Wer noch einmal den Atem jener, von Aufbrüchen und Aufbruchsversuchen, Revolten und Revolutionen in West und Ost, Nord und Süd geprägten 70er Jahre ungefiltert spüren möchte, der wird mit diesem von der Firma Icestorm auf DVD gepressten DEFA-Streifen gut bedient. Gleiches gilt für andere Filme, die das Unternehmen aus dem Erbe der Babelsberger Studios zu DDR-Zeiten auf den Markt bringt. Gewiss, manches wirkt heute verkitscht, naiv, allzu heroisch, aus der Zeit gefallen. Doch einiges gibt zu denken.
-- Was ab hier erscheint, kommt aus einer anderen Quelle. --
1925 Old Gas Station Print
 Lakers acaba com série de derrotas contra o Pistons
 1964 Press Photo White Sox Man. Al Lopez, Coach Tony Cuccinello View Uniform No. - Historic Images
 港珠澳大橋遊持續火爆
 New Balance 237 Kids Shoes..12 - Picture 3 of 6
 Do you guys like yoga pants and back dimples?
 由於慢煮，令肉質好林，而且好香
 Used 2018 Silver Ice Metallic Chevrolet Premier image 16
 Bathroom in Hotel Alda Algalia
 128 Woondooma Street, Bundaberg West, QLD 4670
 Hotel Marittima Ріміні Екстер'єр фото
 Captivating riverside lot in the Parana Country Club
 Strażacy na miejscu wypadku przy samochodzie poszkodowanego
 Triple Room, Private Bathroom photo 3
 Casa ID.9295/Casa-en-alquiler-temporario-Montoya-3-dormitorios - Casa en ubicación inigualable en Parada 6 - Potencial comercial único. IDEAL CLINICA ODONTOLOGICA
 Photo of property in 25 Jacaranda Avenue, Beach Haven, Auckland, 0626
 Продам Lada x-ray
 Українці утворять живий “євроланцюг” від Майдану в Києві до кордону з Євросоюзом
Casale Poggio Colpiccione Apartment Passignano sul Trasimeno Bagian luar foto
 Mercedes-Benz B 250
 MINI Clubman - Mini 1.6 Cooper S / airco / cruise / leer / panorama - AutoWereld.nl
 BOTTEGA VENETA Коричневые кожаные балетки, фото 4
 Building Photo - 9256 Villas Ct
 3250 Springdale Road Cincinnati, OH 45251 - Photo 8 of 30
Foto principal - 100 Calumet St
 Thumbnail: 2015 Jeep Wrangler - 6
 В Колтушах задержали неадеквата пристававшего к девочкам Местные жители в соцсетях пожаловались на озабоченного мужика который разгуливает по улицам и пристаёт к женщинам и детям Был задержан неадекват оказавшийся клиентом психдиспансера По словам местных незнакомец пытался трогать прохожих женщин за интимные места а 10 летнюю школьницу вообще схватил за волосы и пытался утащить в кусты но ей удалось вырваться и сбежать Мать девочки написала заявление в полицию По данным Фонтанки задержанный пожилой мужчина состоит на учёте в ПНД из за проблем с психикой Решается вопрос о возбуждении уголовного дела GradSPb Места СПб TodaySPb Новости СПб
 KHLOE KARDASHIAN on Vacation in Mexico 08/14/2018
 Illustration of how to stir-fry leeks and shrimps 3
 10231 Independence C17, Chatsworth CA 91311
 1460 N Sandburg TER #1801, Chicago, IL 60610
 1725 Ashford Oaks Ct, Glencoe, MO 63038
So erinnert die DVD »Die Bezirke der DDR«, ebenfalls eine Neuheit von Icestorm, an unbestreitbar grandiose Aufbauleistungen von Rostock bis Suhl nach dem verbrecherischen Krieg der Nazis – natürlich, wie hier mehrfach betont: »unter der Führung der Arbeiterklasse und ihrer Partei«. Die hier gebündelten Kurzfilme regen zugleich zum Vergleich von Vor- und Nachteilen des heutigen Föderalismus mit denen der 1952 eingeführten und 1990 wieder abgeschafften Verwaltungseinheiten der 14 DDR-Bezirke an.
Und wer weiß heute eigentlich noch, dass die DDR anfangs selbst Flugzeuge baute? Nicht nur nach sowjetischen Lizenzen. Die Icestorm-CD »Interflug« gewährt Einblicke in Produktionshallen der VEB Flugzeugwerke Dresden wie auch in Konstruktionsbüros der einstigen sächsischen Residenzstadt, in denen – wie angepriesen – das »erste Düsenpassagierflugzeug in Deutschland«, Typ 152, Gestalt annahm. Nach drei Prototypen wurde das Projekt indes wegen ausbleibender Nachfrage aus der Sowjetunion und den anderen sozialistischen Ländern ad acta gelegt. Dieser Film über das erdumspannende Liniennetz der Interflug – nach Paris, London, Rom und Mailand, Peking und Bombay – dürfte bei DDR-Zuschauern damals jedoch bitteren Nachgeschmack hinterlassen, Enttäuschung vermehrt haben. Übrigens: Die nach verlorenem Rechtsstreit mit der Lufthansa 1958 gegründete Interflug existierte als stark verkleinertes Charta-Unternehmen noch bis 2005.

Kurzum: Zeitreisen mit den Funden des Kollektivs von Icestorm in der DEFA-Hinterlassenschaft sind allemal erlebenswert.